Te creías que tu vida era muy incómoda hasta que desayunas con las cifras de beneficios del BBVA o el Sabadell en el primer trimestre del año. Miles de millones de euros en solo tres meses. Te das cuenta entonces que tu vida no era muy incómoda sino solo incómoda, y que todo puede ir a peor, porque entiendes, así, con la magdalena a medio camino entre la taza y la boca, entiendes algo. Entiendes que tu sueldo es miserable, que tu trabajo no está pagado, ni por lo tanto se respeta, que lo que apoquinas por vivir bajo techo y caliente es un disparate cruel, entiendes que todo eso que ya sabías es para que otros se lucren a lo bestia. Sí, a lo bestia, de forma salvaje. No es un descubrimiento, que tontas no somos, es una evidencia obscena. Es el dinero.
Las mujeres estamos especialmente domesticadas para no hablar de dinero. Si no fuera así, reclamaríamos los emolumentos correspondientes a todos aquellos trabajos imprescindibles para que la sociedad funcione y no remunerados que llevamos a cabo solamente nosotras.
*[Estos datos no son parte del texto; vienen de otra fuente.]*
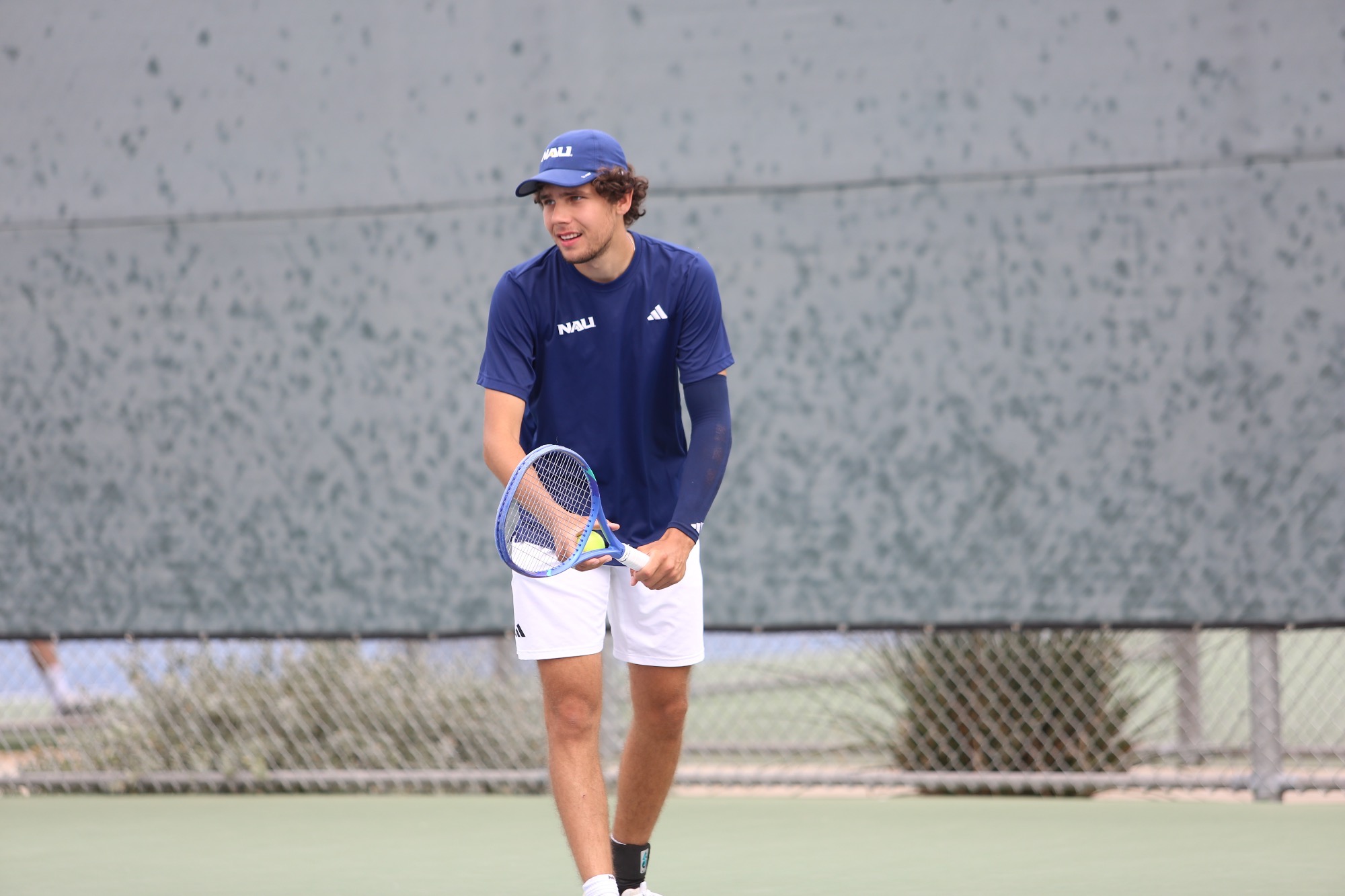 JJ Tennis at Big Sky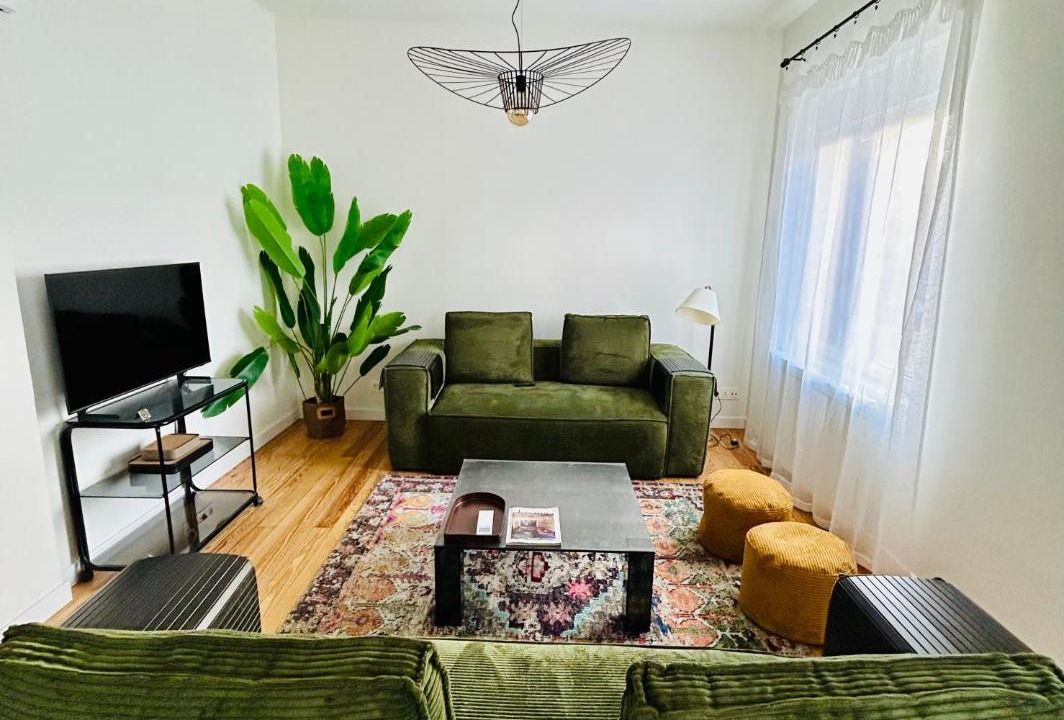 Photo of Livingroom in Segundo Ensanche
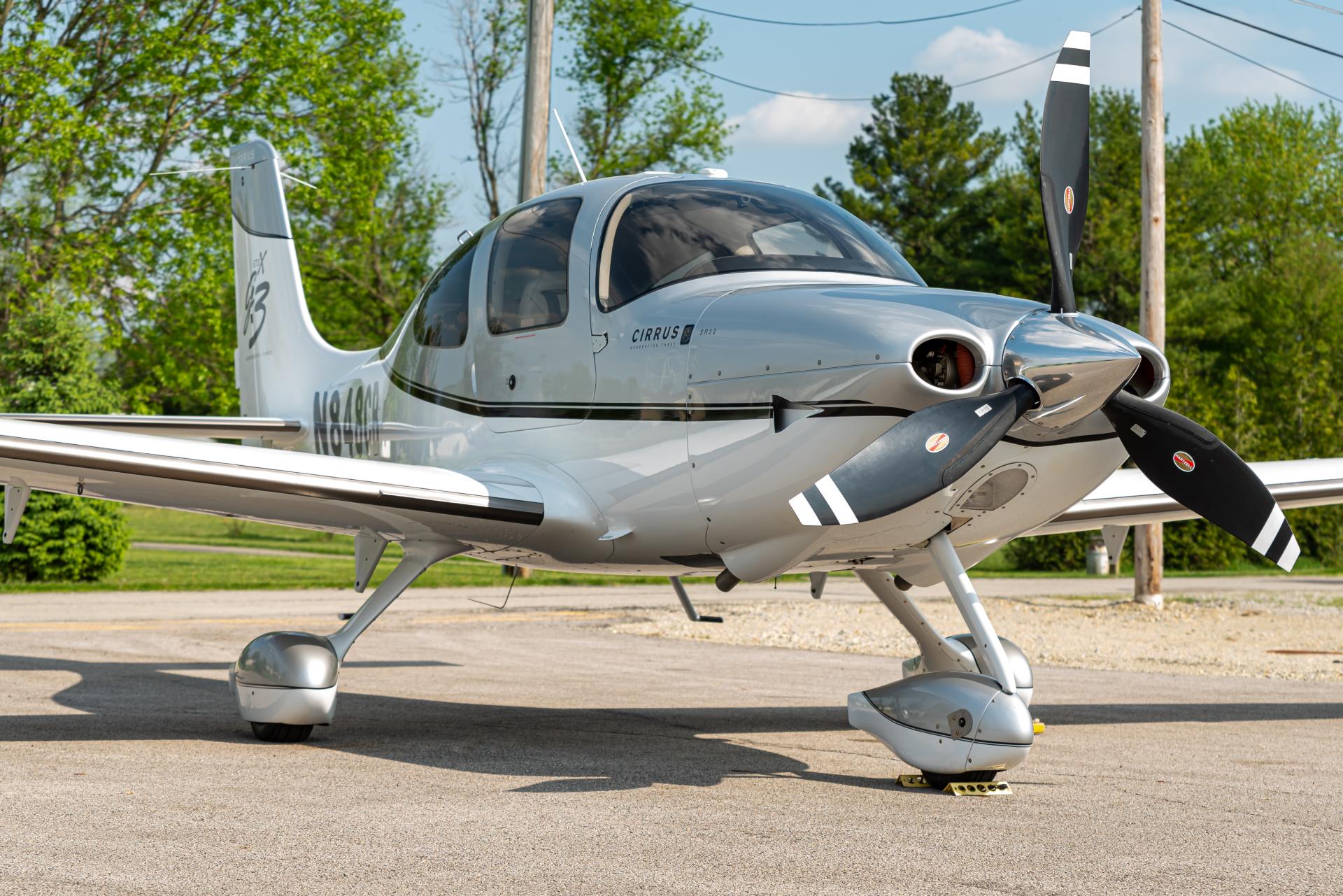 2007 Cirrus SR22 G3 GTS| Steel Aviation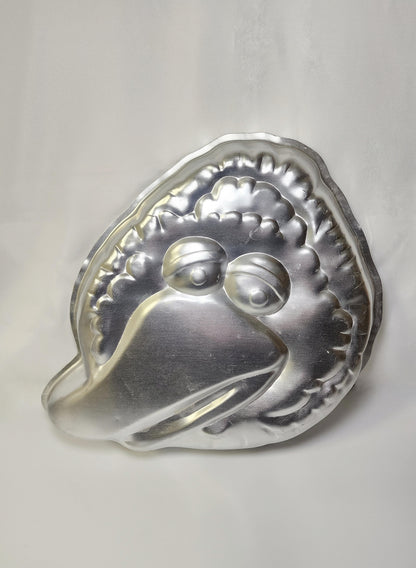 Large Big Bird Head Cake Pan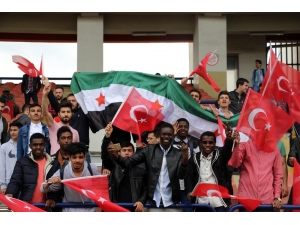 Kbü’de Dünya Kupası Heyecanı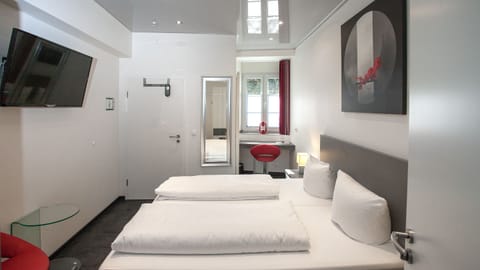 Basic Double Room, Private Bathroom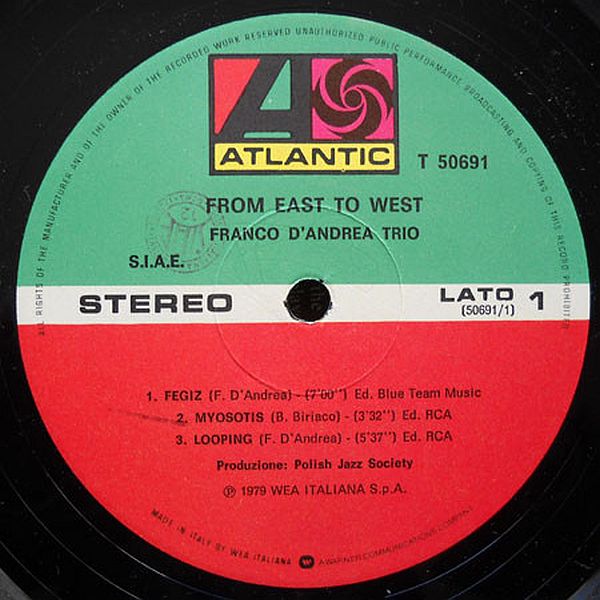 https://www.discogs.com/release/3056887-Franco-DAndrea-Trio-With-Dodo-Goia-Bruno-Biriaco-From-East-To-West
Esta forma de tocarnos la base económica, de obligarnos a vivir colgando de la falta de dinero, es un ejercicio de crueldad consciente, minucioso, reptil. No se trata de que la inmensa mayoría de la población no pueda comprar libros o entradas para el teatro, no pueda cambiar la nevera que no funciona o material escolar, no pueda calentar la casa o alimentarse correctamente, que también. Se trata de que no se puede vivir tal y como se nos ha enseñado que funcionan esas cosas, las cosas del vivir, las más fundamentales, y que esta forma de vida, de organización, está construida para resultar, cuando menos, incómoda y frustrante, pero sobre todo violenta.
Es violentísimo el empobrecimiento rápido e incomprensible —no media guerra o catástrofe natural— de la gran mayoría, frente a un enriquecimiento aún más meteórico e indecente de las grandes corporaciones económicas y financieras. Los asuntos comunes, incluso los violentos, deben resultar comprensibles para que, por ejemplo, un presidente detenga su trabajo y, con él, ponga en vilo a todo un país, porque está anímicamente quebrado.
Los poderes públicos, con el presidente del Gobierno a la cabeza, tienen la obligación de explicar a la ciudadanía por qué nuestro dinero está yendo a parar súbita e inexorablemente a las grandes empresas y a los bancos, por qué la forma en la que funciona nuestra sociedad nos impide vivir en paz. Y vivir en paz significa, ni más ni menos, recibir un salario justo por el trabajo realizado con el que poder pagar el techo bajo el que vivimos. Me parece tan simple como siniestro.